Lipid-Gramicidin A' Interactions: Dynamic Structure of Boundary Lipid by 2D-ELDOR

Lipid-protein interactions have been a topic of major interest in many studies. The general picture that emerges is that membranes consist of a protein-containing lipid bilayer, where the membrane proteins are inserted such that their hydrophobic regions penetrate the lipid membrane thus fixing them to the bilayer. These proteins serve as receptors on the cell surface, being responsible for several cell functions such as signal transduction and ion transport. Although much is known about the dynamic structure of lipids in membranes, the lipid-protein interface is relatively less known. Several studies show that the lipids in protein-containing membranes can be divided in two classes: the bulk lipids and the boundary lipids, which are in close contact with the protein.

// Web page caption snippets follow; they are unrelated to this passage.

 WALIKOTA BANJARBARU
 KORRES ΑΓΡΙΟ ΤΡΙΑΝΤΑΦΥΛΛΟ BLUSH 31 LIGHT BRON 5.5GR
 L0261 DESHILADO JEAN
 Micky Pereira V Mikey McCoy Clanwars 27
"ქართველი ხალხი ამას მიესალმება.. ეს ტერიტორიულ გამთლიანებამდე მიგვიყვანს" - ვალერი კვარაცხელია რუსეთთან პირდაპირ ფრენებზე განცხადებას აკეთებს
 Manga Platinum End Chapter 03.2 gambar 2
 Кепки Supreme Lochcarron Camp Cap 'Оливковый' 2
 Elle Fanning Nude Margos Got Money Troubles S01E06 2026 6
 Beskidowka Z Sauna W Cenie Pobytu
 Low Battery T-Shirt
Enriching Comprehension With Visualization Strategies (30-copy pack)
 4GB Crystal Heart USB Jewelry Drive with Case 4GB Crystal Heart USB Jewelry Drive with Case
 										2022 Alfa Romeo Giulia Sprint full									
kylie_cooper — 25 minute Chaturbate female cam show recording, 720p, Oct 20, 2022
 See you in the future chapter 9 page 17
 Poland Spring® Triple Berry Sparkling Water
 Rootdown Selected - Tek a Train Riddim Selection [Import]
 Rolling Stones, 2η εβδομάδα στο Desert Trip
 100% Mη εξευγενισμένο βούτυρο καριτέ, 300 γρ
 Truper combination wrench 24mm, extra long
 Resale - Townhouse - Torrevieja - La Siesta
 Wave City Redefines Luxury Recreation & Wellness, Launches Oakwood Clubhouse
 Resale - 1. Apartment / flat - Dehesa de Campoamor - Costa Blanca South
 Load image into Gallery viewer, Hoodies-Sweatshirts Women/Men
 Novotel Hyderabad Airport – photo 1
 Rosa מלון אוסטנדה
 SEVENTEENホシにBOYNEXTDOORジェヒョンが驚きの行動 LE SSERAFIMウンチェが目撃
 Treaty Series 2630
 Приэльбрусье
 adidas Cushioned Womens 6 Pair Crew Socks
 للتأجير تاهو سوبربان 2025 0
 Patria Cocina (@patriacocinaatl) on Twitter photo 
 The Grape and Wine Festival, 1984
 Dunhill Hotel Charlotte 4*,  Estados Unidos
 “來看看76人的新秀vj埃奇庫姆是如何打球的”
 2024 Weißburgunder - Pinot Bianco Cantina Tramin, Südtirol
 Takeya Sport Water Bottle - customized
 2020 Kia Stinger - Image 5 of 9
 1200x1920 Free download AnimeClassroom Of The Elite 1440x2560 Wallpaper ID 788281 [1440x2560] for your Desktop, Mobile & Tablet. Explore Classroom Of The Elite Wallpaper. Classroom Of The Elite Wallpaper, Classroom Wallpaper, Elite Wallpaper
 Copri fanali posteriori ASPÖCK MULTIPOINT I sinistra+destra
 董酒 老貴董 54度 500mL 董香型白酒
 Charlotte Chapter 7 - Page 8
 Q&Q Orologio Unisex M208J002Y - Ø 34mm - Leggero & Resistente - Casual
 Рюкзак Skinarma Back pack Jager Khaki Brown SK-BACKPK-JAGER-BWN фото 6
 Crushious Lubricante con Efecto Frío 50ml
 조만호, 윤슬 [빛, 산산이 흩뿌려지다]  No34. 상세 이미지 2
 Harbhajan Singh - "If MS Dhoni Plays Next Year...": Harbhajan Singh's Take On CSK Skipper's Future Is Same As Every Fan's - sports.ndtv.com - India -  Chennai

ESR has been widely applied to investigations on membrane properties. One major limitation of conventional ESR studies on membranes has been their limited resolution. The two-dimensional Fourier Transform technique of 2D-ELDOR has proved to have enhanced spectral resolution to ordering and dynamics compared to conventional ESR. We have employed 2D-ELDOR to characterize the boundary lipid in equimolar mixtures of DPPC and GA. Gramicidin A' (GA) is a well-known peptide for studies of lipid-protein interactions. 2D-ELDOR provides a reliable and convenient way of studying the dynamic structure of lipids. The 2D-ELDOR spectra of the spin label 16-PC in 1/1 DPPC/GA vesicles is composed of two components, which are assigned to the bulk (sharp auto-peaks and cross-peaks) and to the boundary (broad auto-peaks) lipids, (cf. right Figure) The spectral fits of the experimental data indicate a regime of fast motions and very low ordering for the boundary lipids, whereas the boundary lipids show very high “y-ordering” and somewhat slower motions than the bulk lipids. The “y-ordering” represents a dynamic bending at the end of the boundary lipid acyl chain, (cf. left Figure) which can then coat the GA molecules.